Today was one of those busy days that I love so much. I had a hunch early last week that Hurricane Isabel would present a threat to the Eastern seaboard (no expert assessment here, it was just a gut reaction), and based on yesterday's projections, knew that Monday I'd be putting together a release, so I came in with the intention of getting a jump on things.
But of course, I encountered my boss, Joey, first thing when I came in.
"Ted, can I see you a moment?" he asked, with his gentle Irish charm.
"Okay, boss," I said somewhat gruffly, trying to head off the inevitable. "But I really want to get a start on Isabel."
"Yes, that's important," he replied, always agreeable, BUT... "But would you mind taking look at Peg's Town Hall presentation first? We have a dry run in two weeks."
Somehow a two week deadline is more important than a that afternoon deadline. But that's Joe for you. Peg was out on a vacation day and he didn't want her to know I was revising her text.
So after a full review and then a lengthy discussion with Joe about direction and order, not mention what my scribbles meant, it was twelve noon, and I could check my email. First piece: there's a meeting with our National CAT team at four that afternoon. I call Joe.
"Yeah, I saw it," he replied, multi-tasking. "Can you get me a draft by four?"

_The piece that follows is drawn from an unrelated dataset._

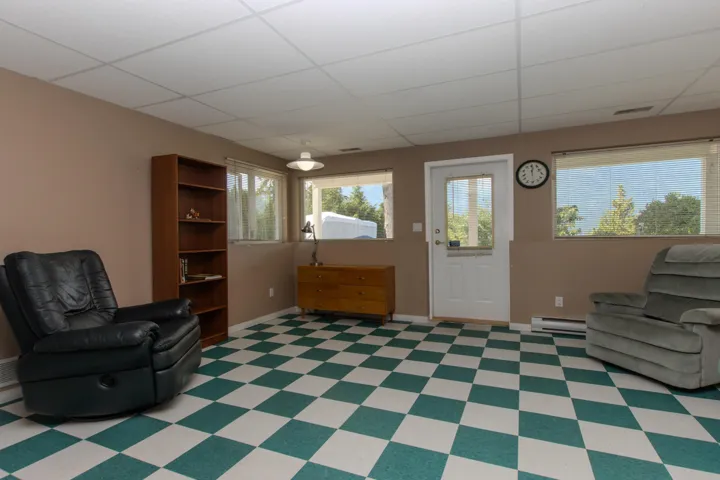 Living area with a drop ceiling, a baseboard heating unit, and light floors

Four hours should be absolutely no problem, except that I had a lunch meeting at 12:15. Which means I had essentially two hours to get the job done, and this time around, it was a fairly major revision. Plus, David asked me to draft a "post cat" release, too.
Needless to say, I didn't get out until seven. Ran home to have supper, beat Tiger's ass at Dr. Robotnik's Mean Green Machine (and the fair Josie's, too, may I add), go over spelling words, eat supper, catch up on everyone's lives and tuck the kids (and the fair Josie) in bed, and head to my apartment.
Now I'm sitting here, typing, sipping Fruit20 and listening to Ella Fitzerald, the Last Decca Years. My current recommended bathroom reading is Moliere's Tartuffe. There's just something about that silver tongued religious hypocrite that really loosens the bowels...Even 300 plus years later, Moliere's rapier wit and good humour shines through, even in a crummy translation.